▶ _How to complete this task_
Omit the pictures and extract only the lines from the line containing "MEP Concepcio FERRER" to the end of the material, each exactly as written.

▶ _Information shown_
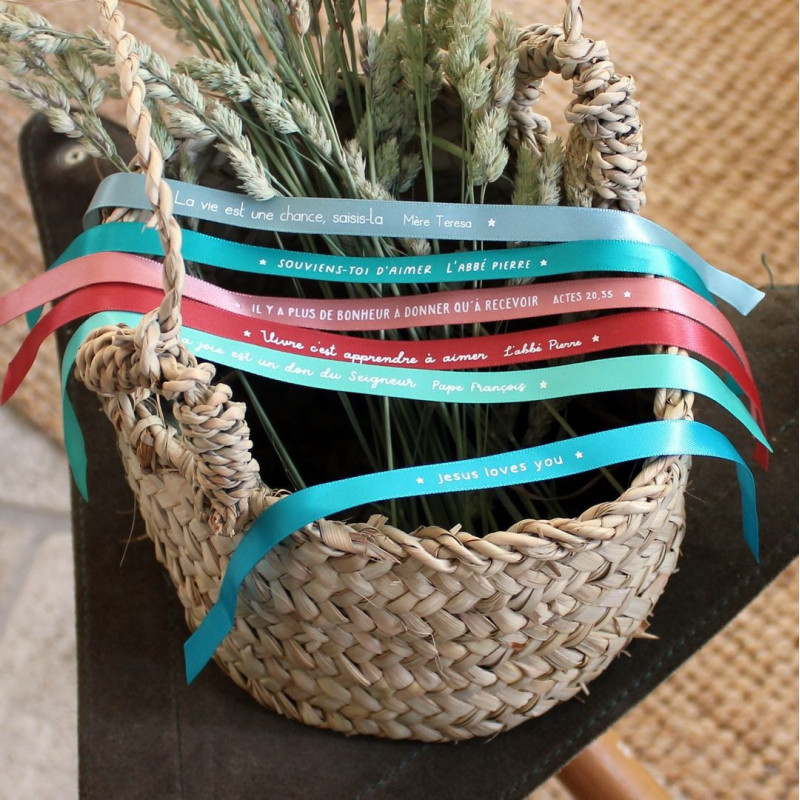 ruban vert canard "Jésus loves you"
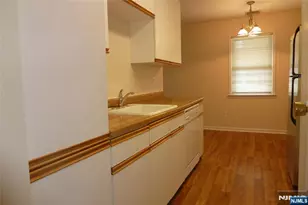 405 Sutton Pl, Norwood, NJ 07648 - Photo 3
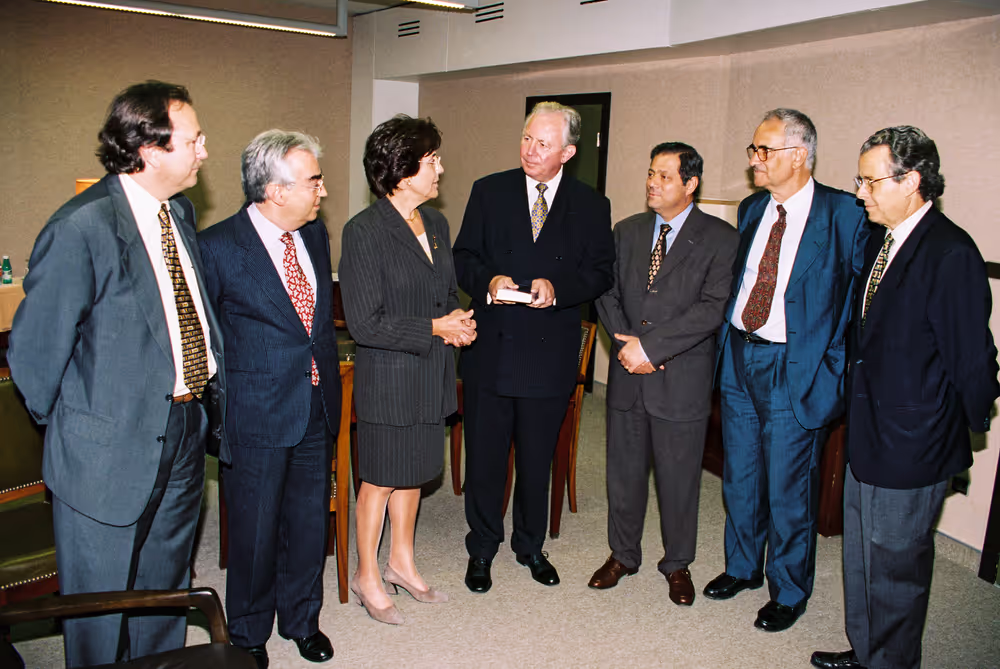 MEP Concepcio FERRER offers a book to EC President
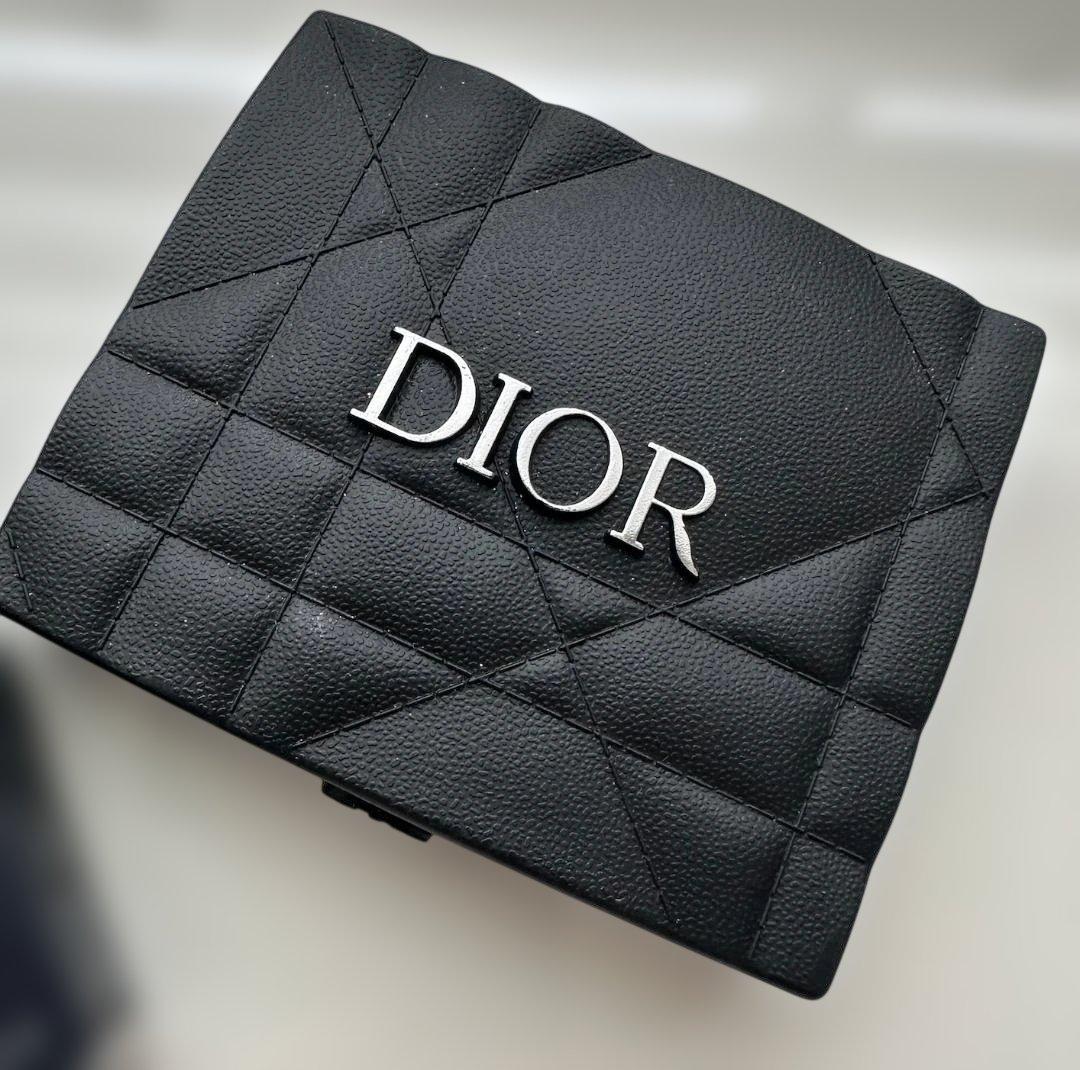 5色アイシャドウパレット ピンク ブラウン系 Dior ラメ マット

▶ _Completed exercise_
 MEP Concepcio FERRER offers a book to EC President
 5色アイシャドウパレット ピンク ブラウン系 Dior ラメ マット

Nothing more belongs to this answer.